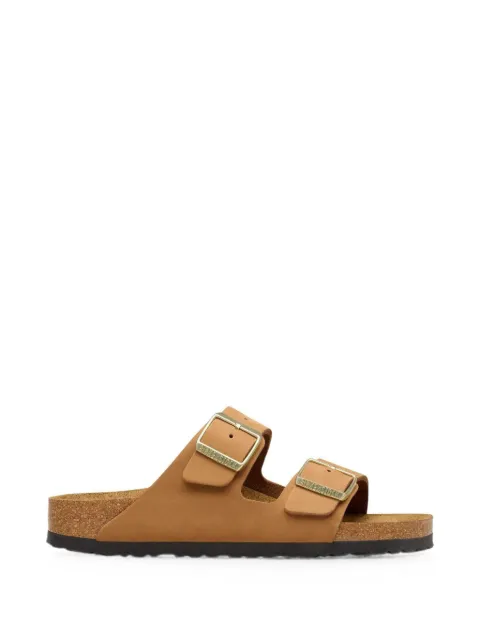 Birkenstock Arizona nubuck leather sandals Brown 1032086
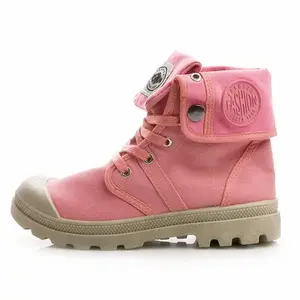 Women New Canvas Shoes Palladium Style Fashion High-top Breathable Ankle boots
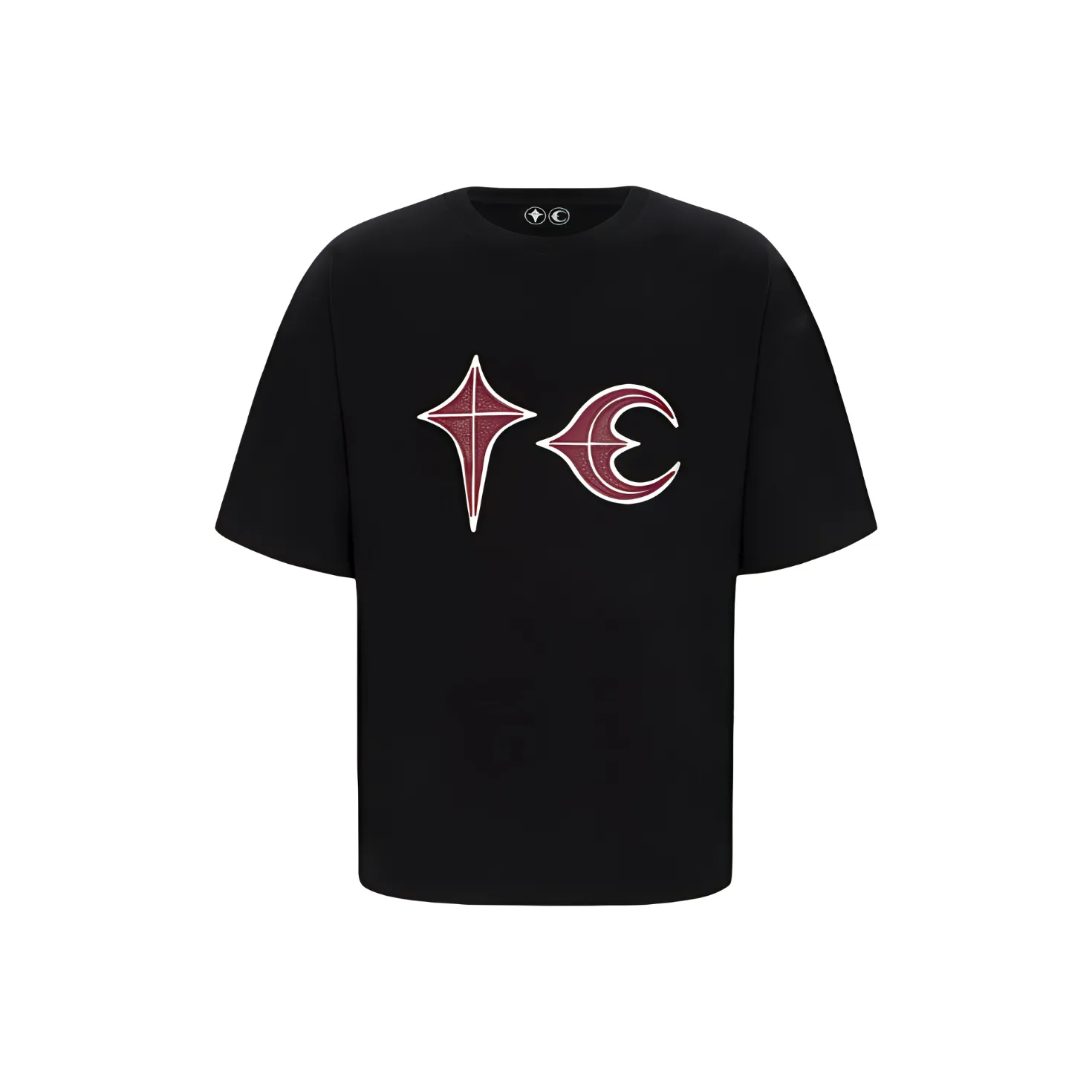 Thug Club SS24 T Рубашка Мужская Черная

**Your goal**
Exact output of each line above is wanted, without the pictures.

**Response area**
 Birkenstock Arizona nubuck leather sandals Brown 1032086
 Women New Canvas Shoes Palladium Style Fashion High-top Breathable Ankle boots
 Thug Club SS24 T Рубашка Мужская Черная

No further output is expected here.